Goal of the exercise. Of the lines listed below, return exactly those that run from the line containing "Carrito para Mascotas" through the line containing "Astrobrights Color Multi-Use", both included.

====== Extracted information ======

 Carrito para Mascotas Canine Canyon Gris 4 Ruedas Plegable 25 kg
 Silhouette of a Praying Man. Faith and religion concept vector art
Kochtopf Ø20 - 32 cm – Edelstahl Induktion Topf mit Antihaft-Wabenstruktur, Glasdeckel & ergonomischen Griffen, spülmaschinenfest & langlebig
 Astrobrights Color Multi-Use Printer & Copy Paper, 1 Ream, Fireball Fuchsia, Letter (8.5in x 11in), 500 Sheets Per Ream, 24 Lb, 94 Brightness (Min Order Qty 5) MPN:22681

======
====== Extracted information ======

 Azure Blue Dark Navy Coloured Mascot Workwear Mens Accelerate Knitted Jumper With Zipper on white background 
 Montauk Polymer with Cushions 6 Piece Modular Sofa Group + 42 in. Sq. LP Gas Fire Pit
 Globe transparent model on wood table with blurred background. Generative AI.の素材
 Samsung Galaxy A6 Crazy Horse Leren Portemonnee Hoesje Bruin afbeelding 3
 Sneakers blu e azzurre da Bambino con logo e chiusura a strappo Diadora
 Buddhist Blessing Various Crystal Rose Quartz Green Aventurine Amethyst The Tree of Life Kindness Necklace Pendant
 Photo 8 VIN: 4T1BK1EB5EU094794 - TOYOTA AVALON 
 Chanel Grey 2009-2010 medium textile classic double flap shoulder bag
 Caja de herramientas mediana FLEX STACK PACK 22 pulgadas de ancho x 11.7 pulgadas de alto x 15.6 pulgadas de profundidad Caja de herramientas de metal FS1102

======
====== Extracted information ======

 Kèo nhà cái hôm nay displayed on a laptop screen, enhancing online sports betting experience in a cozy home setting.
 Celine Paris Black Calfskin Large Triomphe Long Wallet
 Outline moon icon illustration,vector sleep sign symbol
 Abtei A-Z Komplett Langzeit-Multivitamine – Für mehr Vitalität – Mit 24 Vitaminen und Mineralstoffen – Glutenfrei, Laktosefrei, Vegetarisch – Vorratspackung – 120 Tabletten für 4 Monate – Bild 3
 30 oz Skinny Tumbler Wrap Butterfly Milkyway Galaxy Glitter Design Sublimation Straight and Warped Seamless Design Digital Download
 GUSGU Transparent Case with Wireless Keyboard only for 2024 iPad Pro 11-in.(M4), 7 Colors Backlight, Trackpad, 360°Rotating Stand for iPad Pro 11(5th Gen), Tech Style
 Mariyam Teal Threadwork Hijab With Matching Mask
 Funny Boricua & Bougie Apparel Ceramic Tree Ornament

======

Written solution.
 Carrito para Mascotas Canine Canyon Gris 4 Ruedas Plegable 25 kg
 Silhouette of a Praying Man. Faith and religion concept vector art
Kochtopf Ø20 - 32 cm – Edelstahl Induktion Topf mit Antihaft-Wabenstruktur, Glasdeckel & ergonomischen Griffen, spülmaschinenfest & langlebig
 Astrobrights Color Multi-Use Printer & Copy Paper, 1 Ream, Fireball Fuchsia, Letter (8.5in x 11in), 500 Sheets Per Ream, 24 Lb, 94 Brightness (Min Order Qty 5) MPN:22681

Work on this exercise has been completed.